● Problem to work on
In the material below, pictures must be dropped. Repeat exactly, and only, the lines from the line with "Secret Service agents" to the line with "1875 Woodlawn Avenue, Cleveland, OH 44112", both ends included.
[Task input Boundary: Start]
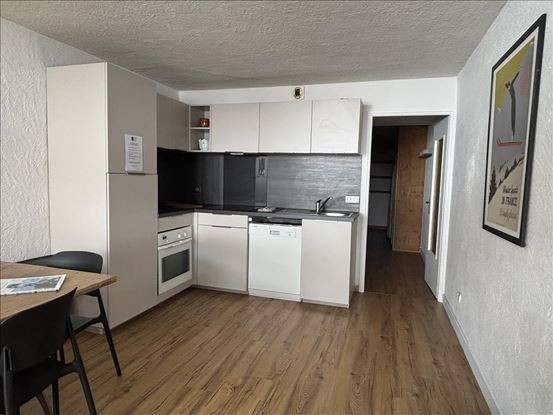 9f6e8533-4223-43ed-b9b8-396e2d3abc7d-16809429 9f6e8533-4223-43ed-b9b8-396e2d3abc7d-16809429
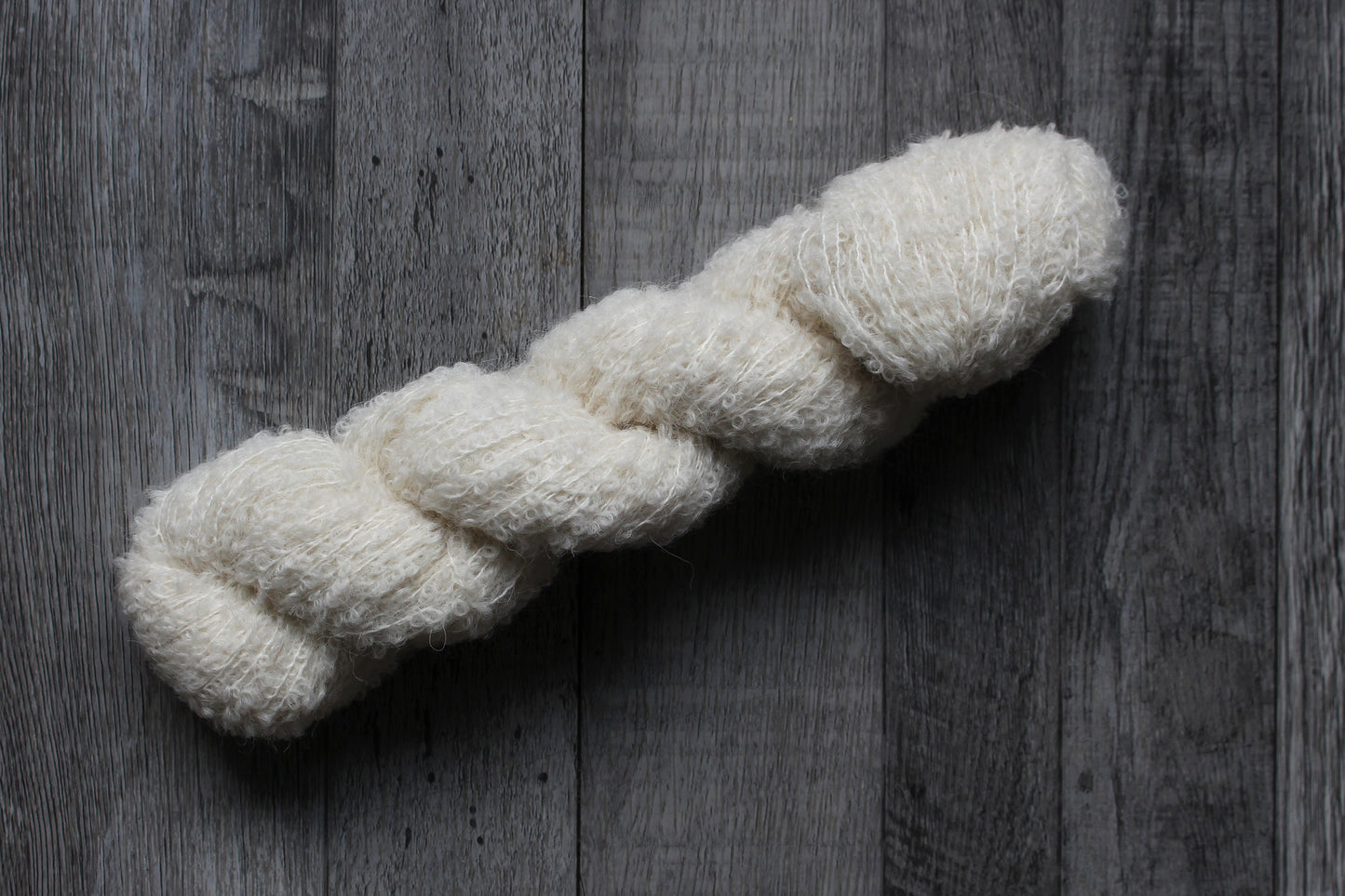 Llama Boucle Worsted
[Task input Boundary: End]
[Task input Boundary: Start]
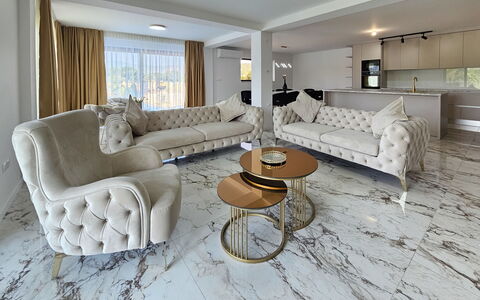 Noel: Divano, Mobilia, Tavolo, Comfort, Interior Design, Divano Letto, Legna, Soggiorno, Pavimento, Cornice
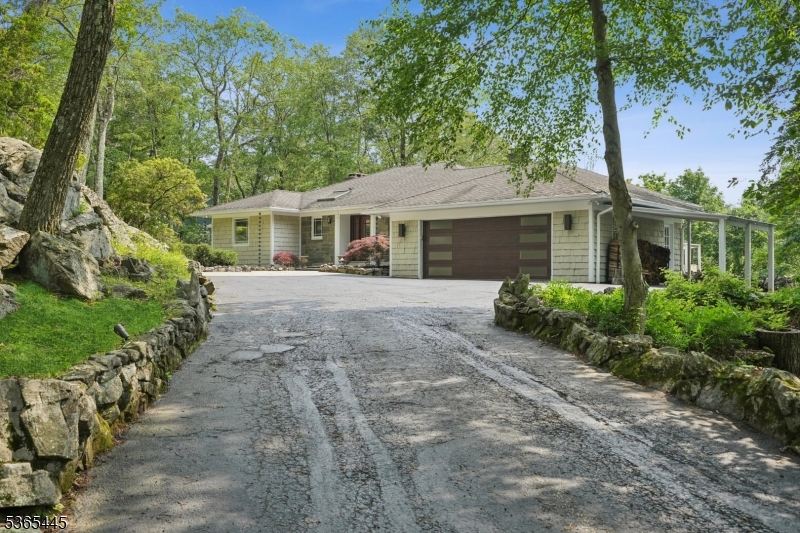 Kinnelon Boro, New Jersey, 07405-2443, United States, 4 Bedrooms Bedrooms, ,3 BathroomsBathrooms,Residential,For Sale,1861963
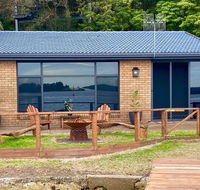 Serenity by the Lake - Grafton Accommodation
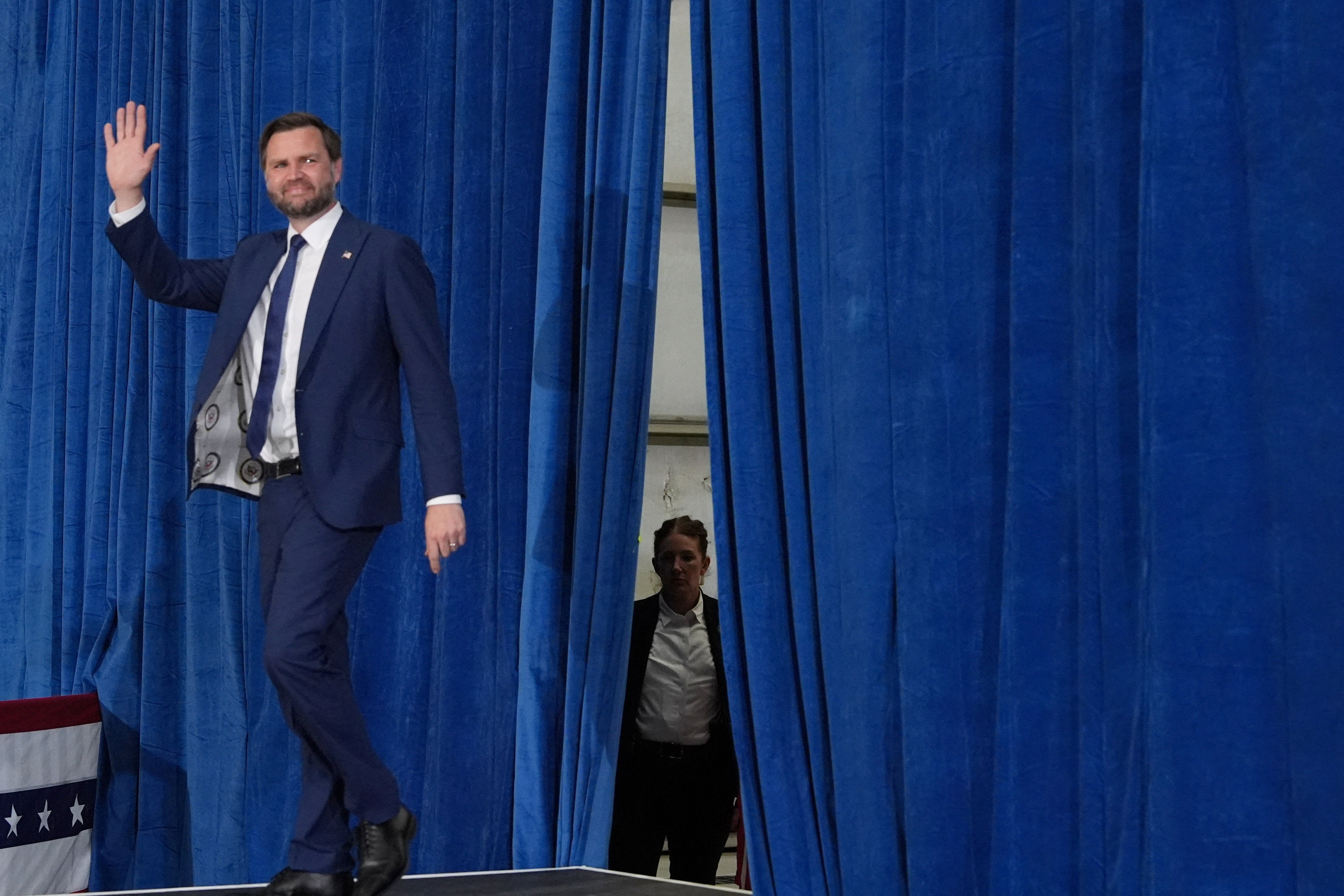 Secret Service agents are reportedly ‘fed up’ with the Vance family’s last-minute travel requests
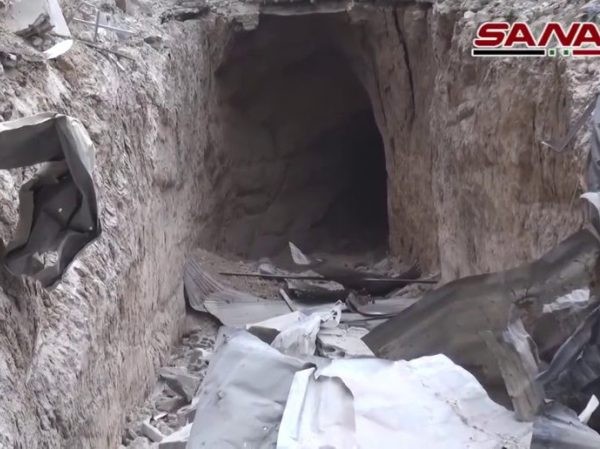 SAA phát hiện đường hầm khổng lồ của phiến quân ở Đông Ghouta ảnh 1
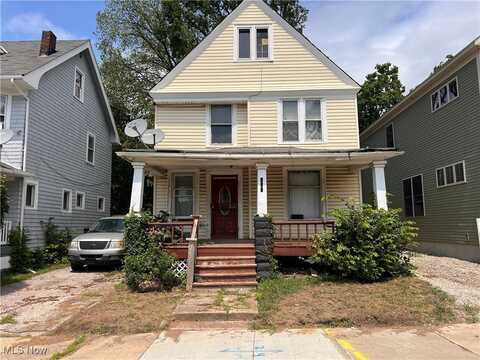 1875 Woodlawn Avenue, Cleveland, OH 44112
[Task input Boundary: End]
● Result of the exercise
 Secret Service agents are reportedly ‘fed up’ with the Vance family’s last-minute travel requests
 SAA phát hiện đường hầm khổng lồ của phiến quân ở Đông Ghouta ảnh 1
 1875 Woodlawn Avenue, Cleveland, OH 44112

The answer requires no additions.